What the task asks:
Reproduce each entry below exactly as it appears.

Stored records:

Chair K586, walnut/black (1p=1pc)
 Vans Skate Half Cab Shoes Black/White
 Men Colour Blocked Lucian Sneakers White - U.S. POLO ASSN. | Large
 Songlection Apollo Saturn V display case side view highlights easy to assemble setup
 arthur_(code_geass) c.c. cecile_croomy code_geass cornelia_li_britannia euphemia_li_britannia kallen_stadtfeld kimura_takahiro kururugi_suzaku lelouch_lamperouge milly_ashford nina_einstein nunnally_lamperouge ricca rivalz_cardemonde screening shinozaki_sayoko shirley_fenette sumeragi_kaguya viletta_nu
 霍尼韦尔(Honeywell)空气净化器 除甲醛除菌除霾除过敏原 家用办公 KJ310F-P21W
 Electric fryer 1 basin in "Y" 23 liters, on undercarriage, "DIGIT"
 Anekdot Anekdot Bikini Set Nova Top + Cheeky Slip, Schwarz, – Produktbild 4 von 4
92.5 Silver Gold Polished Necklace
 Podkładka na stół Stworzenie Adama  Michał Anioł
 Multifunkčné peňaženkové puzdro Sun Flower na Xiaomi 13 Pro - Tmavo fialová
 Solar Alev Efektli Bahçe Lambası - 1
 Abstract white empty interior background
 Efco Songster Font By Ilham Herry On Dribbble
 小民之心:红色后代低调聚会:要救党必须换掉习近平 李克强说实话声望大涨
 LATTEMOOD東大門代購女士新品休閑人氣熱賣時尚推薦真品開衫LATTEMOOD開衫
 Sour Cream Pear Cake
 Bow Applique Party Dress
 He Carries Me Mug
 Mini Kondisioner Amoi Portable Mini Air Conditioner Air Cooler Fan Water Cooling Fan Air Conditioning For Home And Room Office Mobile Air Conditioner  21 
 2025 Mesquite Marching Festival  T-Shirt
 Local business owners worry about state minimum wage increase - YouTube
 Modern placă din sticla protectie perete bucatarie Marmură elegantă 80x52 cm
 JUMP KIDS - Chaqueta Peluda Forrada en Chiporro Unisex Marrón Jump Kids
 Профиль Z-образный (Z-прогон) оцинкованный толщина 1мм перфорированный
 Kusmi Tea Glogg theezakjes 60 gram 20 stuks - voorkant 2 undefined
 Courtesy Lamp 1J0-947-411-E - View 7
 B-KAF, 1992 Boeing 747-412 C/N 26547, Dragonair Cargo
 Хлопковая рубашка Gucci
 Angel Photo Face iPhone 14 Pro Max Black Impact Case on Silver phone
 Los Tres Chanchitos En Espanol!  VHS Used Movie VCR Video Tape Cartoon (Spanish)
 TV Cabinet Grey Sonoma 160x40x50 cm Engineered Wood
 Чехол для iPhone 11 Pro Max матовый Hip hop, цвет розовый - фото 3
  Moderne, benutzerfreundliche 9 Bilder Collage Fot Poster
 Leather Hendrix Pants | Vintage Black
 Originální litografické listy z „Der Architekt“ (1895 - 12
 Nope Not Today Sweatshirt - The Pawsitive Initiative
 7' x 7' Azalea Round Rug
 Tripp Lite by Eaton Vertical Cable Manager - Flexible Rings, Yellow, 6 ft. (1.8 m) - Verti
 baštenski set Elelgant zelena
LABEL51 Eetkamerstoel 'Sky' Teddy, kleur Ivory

Output for this exercise:
Chair K586, walnut/black (1p=1pc)
 Vans Skate Half Cab Shoes Black/White
 Men Colour Blocked Lucian Sneakers White - U.S. POLO ASSN. | Large
 Songlection Apollo Saturn V display case side view highlights easy to assemble setup
 arthur_(code_geass) c.c. cecile_croomy code_geass cornelia_li_britannia euphemia_li_britannia kallen_stadtfeld kimura_takahiro kururugi_suzaku lelouch_lamperouge milly_ashford nina_einstein nunnally_lamperouge ricca rivalz_cardemonde screening shinozaki_sayoko shirley_fenette sumeragi_kaguya viletta_nu
 霍尼韦尔(Honeywell)空气净化器 除甲醛除菌除霾除过敏原 家用办公 KJ310F-P21W
 Electric fryer 1 basin in "Y" 23 liters, on undercarriage, "DIGIT"
 Anekdot Anekdot Bikini Set Nova Top + Cheeky Slip, Schwarz, – Produktbild 4 von 4
92.5 Silver Gold Polished Necklace
 Podkładka na stół Stworzenie Adama  Michał Anioł
 Multifunkčné peňaženkové puzdro Sun Flower na Xiaomi 13 Pro - Tmavo fialová
 Solar Alev Efektli Bahçe Lambası - 1
 Abstract white empty interior background
 Efco Songster Font By Ilham Herry On Dribbble
 小民之心:红色后代低调聚会:要救党必须换掉习近平 李克强说实话声望大涨
 LATTEMOOD東大門代購女士新品休閑人氣熱賣時尚推薦真品開衫LATTEMOOD開衫
 Sour Cream Pear Cake
 Bow Applique Party Dress
 He Carries Me Mug
 Mini Kondisioner Amoi Portable Mini Air Conditioner Air Cooler Fan Water Cooling Fan Air Conditioning For Home And Room Office Mobile Air Conditioner  21 
 2025 Mesquite Marching Festival  T-Shirt
 Local business owners worry about state minimum wage increase - YouTube
 Modern placă din sticla protectie perete bucatarie Marmură elegantă 80x52 cm
 JUMP KIDS - Chaqueta Peluda Forrada en Chiporro Unisex Marrón Jump Kids
 Профиль Z-образный (Z-прогон) оцинкованный толщина 1мм перфорированный
 Kusmi Tea Glogg theezakjes 60 gram 20 stuks - voorkant 2 undefined
 Courtesy Lamp 1J0-947-411-E - View 7
 B-KAF, 1992 Boeing 747-412 C/N 26547, Dragonair Cargo
 Хлопковая рубашка Gucci
 Angel Photo Face iPhone 14 Pro Max Black Impact Case on Silver phone
 Los Tres Chanchitos En Espanol!  VHS Used Movie VCR Video Tape Cartoon (Spanish)
 TV Cabinet Grey Sonoma 160x40x50 cm Engineered Wood
 Чехол для iPhone 11 Pro Max матовый Hip hop, цвет розовый - фото 3
  Moderne, benutzerfreundliche 9 Bilder Collage Fot Poster
 Leather Hendrix Pants | Vintage Black
 Originální litografické listy z „Der Architekt“ (1895 - 12
 Nope Not Today Sweatshirt - The Pawsitive Initiative
 7' x 7' Azalea Round Rug
 Tripp Lite by Eaton Vertical Cable Manager - Flexible Rings, Yellow, 6 ft. (1.8 m) - Verti
 baštenski set Elelgant zelena
LABEL51 Eetkamerstoel 'Sky' Teddy, kleur Ivory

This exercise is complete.